Background: Opioids prescribed for postoperative pain have exceeded patient need in the United States, playing a significant role in the opioid epidemic. In the preintervention phase of this project (September 2018 - March 2019), a chart review and patient survey revealed that patients were prescribed double the number of opioids they consumed following gynecologic surgery.

Objective: To ascertain whether an educational intervention recommending opiate prescriptions based on postoperative opioid use decreases gynecologic surgeons' opiate prescriptions.

Methods: An educational intervention implemented in January 2021 communicated the discrepancy between patient need and medications prescribed and made prescribing recommendations for common gynecologic procedures. A postintervention (February 2021 - April 2021) retrospective chart review ascertained postoperative opioid prescribing practices. Residents were surveyed about their prescribing practices in June 2021. Descriptive statistics compared each phase.

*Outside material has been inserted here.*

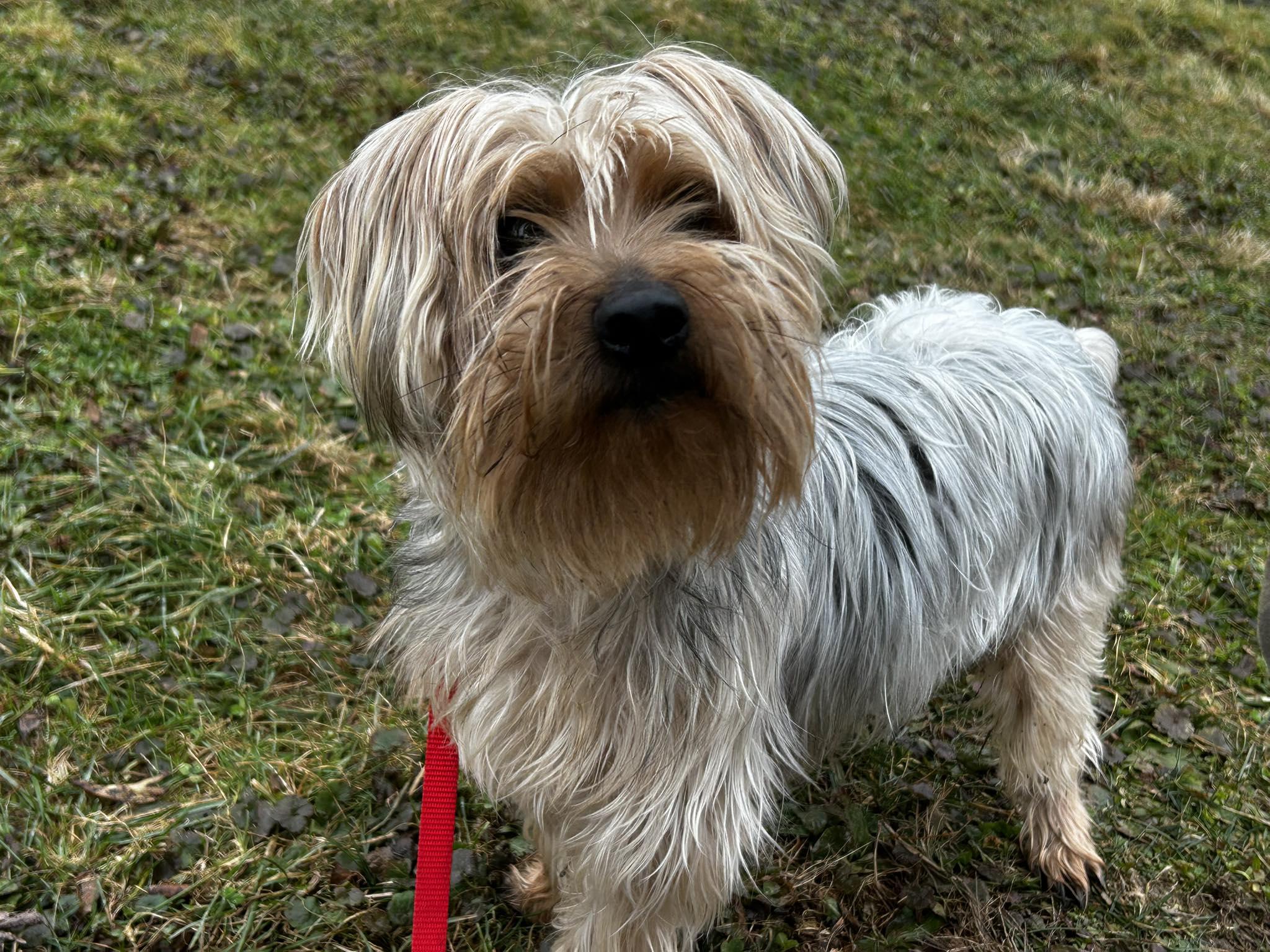 Megalodon, ADOPTABLE, Young Male Yorkshire Terrier.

Results: For laparoscopic hysterectomy, the median morphine milligram equivalent (MME) was 150 (IQR 112.5-166.9) for preintervention and 150 (IQR 112.5-150) postintervention. For vaginal hysterectomy, median MME declined from 150 (IQR 112.5-225) to 112.5 (IQR 112.5-150). For laparoscopic surgery without hysterectomy, the median MME was 75 for both preintervention (IQR 75-120) and postintervention (IQR 60-80). For vaginal surgery without hysterectomy median MME went from 75 (IQR 75-142.5) to 54 (IQR 22.5-112.5). Median MME for hysteroscopy and dilation and curettage was 0 for both phases. When surveyed, residents reported prescribing lower amounts than actual prescribing practices.

Conclusions: Despite education informing gynecologic surgeons that their opioid prescribing exceeded patient need, prescribing practices did not change. The difference between actual and resident-reported prescribing practices warrants further investigation.